Une autre délégation étudiante vient d’Italie. Elle est composée de 10 étudiants en sciences politiques et relations internationales de la LUMSA, à Rome. Daniele, étudiant en première année de sciences politiques, est particulièrement impressionné par le moment de l’après-midi : la prière œcuménique dans la « Chapelle pour l’Europe ». « J’aime le travail de Chiara Lubich, qui consiste à créer des ponts pour rassembler tout le monde, et on pouvait voir l’engagement de chacun des participants. Ce n’est pas une rencontre entre rêveurs, mais une recherche concrète qui mène à quelque chose de solide ». Pour Diego, c’est un moment où la mémoire se renouvelle et conduit à la continuité. Il est inspiré par la mondialité qui règne à Bruxelles, « un point de départ pour de futurs développements », et il a particulièrement apprécié les interventions des députés européens.
Photo: H. Brehm / K. Brand / M. Bacher
L’appel des députés européens aux jeunes et aux Mouvements
En effet, Antonella Sberna (Conservateurs et Réformistes européens), vice-présidente du Parlement européen et responsable de la mise en œuvre de l’article 17 TFUE, Leoluca Orlando et Cristina Guarda (Verts) étaient présents dans la matinée. « Vous êtes l’exemple de ce que l’UE peut faire pour nos peuples et nos civilisations », a déclaré la vice-présidente, s’adressant à Ensemble pour l’Europe. Elle invite les jeunes présents à « être critiques, mais passionnés », à « bien étudier l’Europe », afin d’être « ensemble au service de la correction de ce qui ne nous plaît pas et de la garantie de la paix à l’intérieur de nos frontières, comme exemple d’union des peuples dans le respect des souverainetés ».

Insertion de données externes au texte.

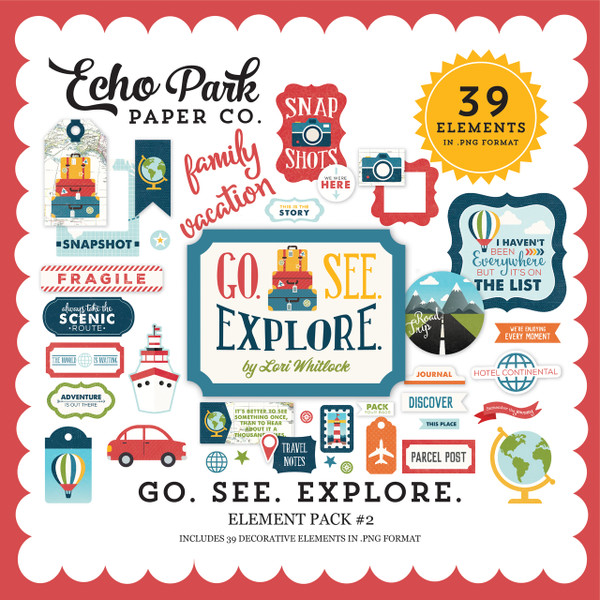Go See Explore Element Pack #2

Leoluca Orlando invite à « saisir le projet d’avenir qui était dans l’action de Schumann, en cultivant une mémoire inquiète » et rappelle le principe de fraternité, qui permet de dépasser les polarisations historiques entre la droite et la gauche sur la liberté et l’égalité. Et comme exemple de fraternité, il cite « l’expérience prophétique d’unité entre catholiques et luthériens, grâce à l’intuition de Chiara Lubich, à Ottmaring, en Bavière, un lieu au cœur de la guerre de Trente Ans ».

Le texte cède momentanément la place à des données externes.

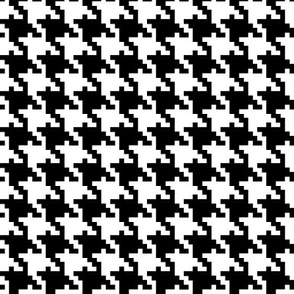 Houndstooth black and white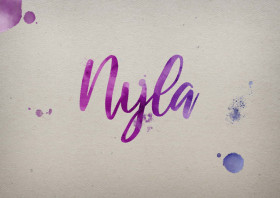 Nyla Watercolor Name DP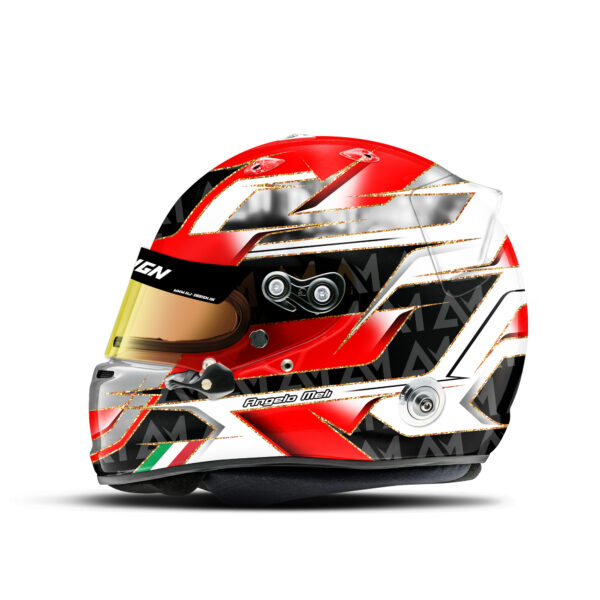 Angelo Meli Angelo Meli helmet design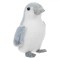 Figurină Decorativă Crăciun, Spumă, Pinguin, Alb Gri, 12x14cm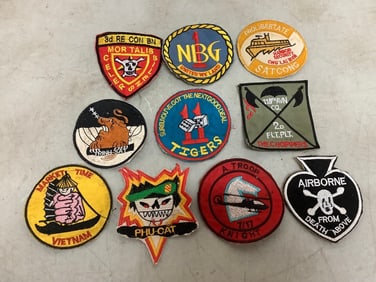 10 Original Vietnam Unit Patches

Pour Cristina Guarda, la paix est le mot clé : « En tant que Mouvements chrétiens, je vous demande de prendre part à cette discussion et d’exiger notre cohérence dans la recherche de la paix. Et donc de faire les bons choix et de voter correctement, pour respecter la paix ».
Accompagner l’Europe à réaliser sa vocation
Et c’est précisément à un projet de paix que la Déclaration Schuman aspire : Jeff Fountain, du Centre Schuman, propose une lecture des fondements spirituels de la Déclaration, de son « courageux discours de trois minutes » : « son projet n’était pas seulement politique ou économique. Lue à un niveau plus profond, la Déclaration Schuman révèle que le projet est profondément moral, spirituel, enraciné dans les valeurs du cœur ». « Les institutions qu’elle a contribué à inspirer, aussi imparfaites soient-elles, constituent une défense contre le retour à la politique de domination et d’exclusion, de peur et de haine ».
Mais qui devrait donner une âme à l’Europe ?Alberto Lo Presti invite à la réflexion. « Nous ne devrions pas attendre que cette âme soit produite par les institutions politiques européennes et transmise à ses citoyens. Je ne voudrais pas vivre dans une société où l’institution m’inculque une vision du monde. Ce sont généralement les organisations politiques totalitaires que nous avons bien connues ici en Europe, comme le nazisme et le communisme, qui agissent ainsi. L’âme de l’Union européenne sera visible lorsque cette âme se reflétera dans les choix quotidiens de ses citoyens. En tant que Ensemble pour l’Europe, nous voulons accompagner l’Europe dans la réalisation de sa vocation ».